Your main decisions are:

  • Where will the backups be stored?  They take up a lot of room, so you might want to specify a different computer with more space than your analysis server.  Specify the location in System Management >> Storage Locations.
  • Do you want backups for all your profiles, or just a few critical ones?  Many people don’t back up experimental or rarely-viewed profiles.  If you want all future from-scratch profiles to be automatically backed up, there’s a global setting for this in System Management >> Backup Options (Note:  you’ll still have to individually turn on backups for any profiles that already exist.  See below). 
  • How far apart should you space the archived copies?  Do you really want to have 365 individual copies of your analysis by the end of the year?  Or can you live with one per week or one per month?  Many people run backups every day but keep only the most recent four to seven dailies, then keep older copies at increasingly spaced-out intervals.   A generous general setting for somebody who thinks they can notice most problems within 4 days would be:  save 4 dailies, 8 weeklies, 8 monthlies, one yearly, for a maximum of 21 backup files.  These global settings are in System Management >> Backup Options.  The same archive schedule is in effect for every profile that is set to get backups.
  • Do you need to back up your configuration settings too?  Many people assume their current configurations are the best ones and don’t archive old configurations at all.  If you do, the settings are in System Management >> Backup Options.

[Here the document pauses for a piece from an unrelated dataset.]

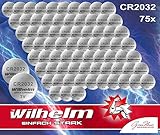 75 x Knopfzelle CR2032 Wilhelm Batterie Lithium 3V CR 2032 Industrieware…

Here’s how to turn on backup for one profile at a time. 

  1. Scheduler >> Scheduled Jobs >> New Jobs
  2. Choose Backup
  3. Choose the profile you want to be backed up
  4. If you have the processing time available, set it for Daily, at a convenient time

A few more details:

  • All previous backups get wiped out if you ever run “re-analyze” on a profile.  (This is a good time to promise yourself to never touch the re-analyze button, which destroys everything except your configurations.  Try to use copies of profiles instead, then delete the originals when the copies are correct.  Or at least to hit “re-analyze” only with a cool head and a few deep breaths.) 
  • If you’re backing up only certain profiles, it’s a good idea to change their names to show their backup status, for example by adding (B) to the profile name.
  • Backup settings carry over to copies of a profile.
  • Changes to backup setting cycles don’t take effect until after the next backup has run.
  • As said above, backups can take up a lot of disk space.  You might want to review all the backup jobs running from time to time and eliminate those you don’t care about.  Also, you might want to store your backups somewhere where there’s room.  You get to choose the location ins  Administration >> System Management >> Storage Locations.  Be sure to use UNC notation for the locations, NOT mapped drive letters.
  • Backup files and folders can be manually deleted if you need to do some emergency hard disk space-making. 
  • How to restore a backup (roll back a report).  You’ve just noticed one of your log files arrived late and you have a hole in your reports four days ago.  You need to roll back that profile its state as of more than 4 days ago, then analyze the logs (including the log that was missing at the time.)  It’s a simple matter of going to Administration >> System Management >> Backup/Restore >> Restore Backup, choosing the backup copy that is old enough to precede your problem time point, clicking on Restore.  Then, back in the Web Analysis list of profiles, click on “analyze” (NOT re-analyze!!!)

You should read the Administration Users Guide for full details, especially if you use Parent-Child profiles.  The situation is a little different.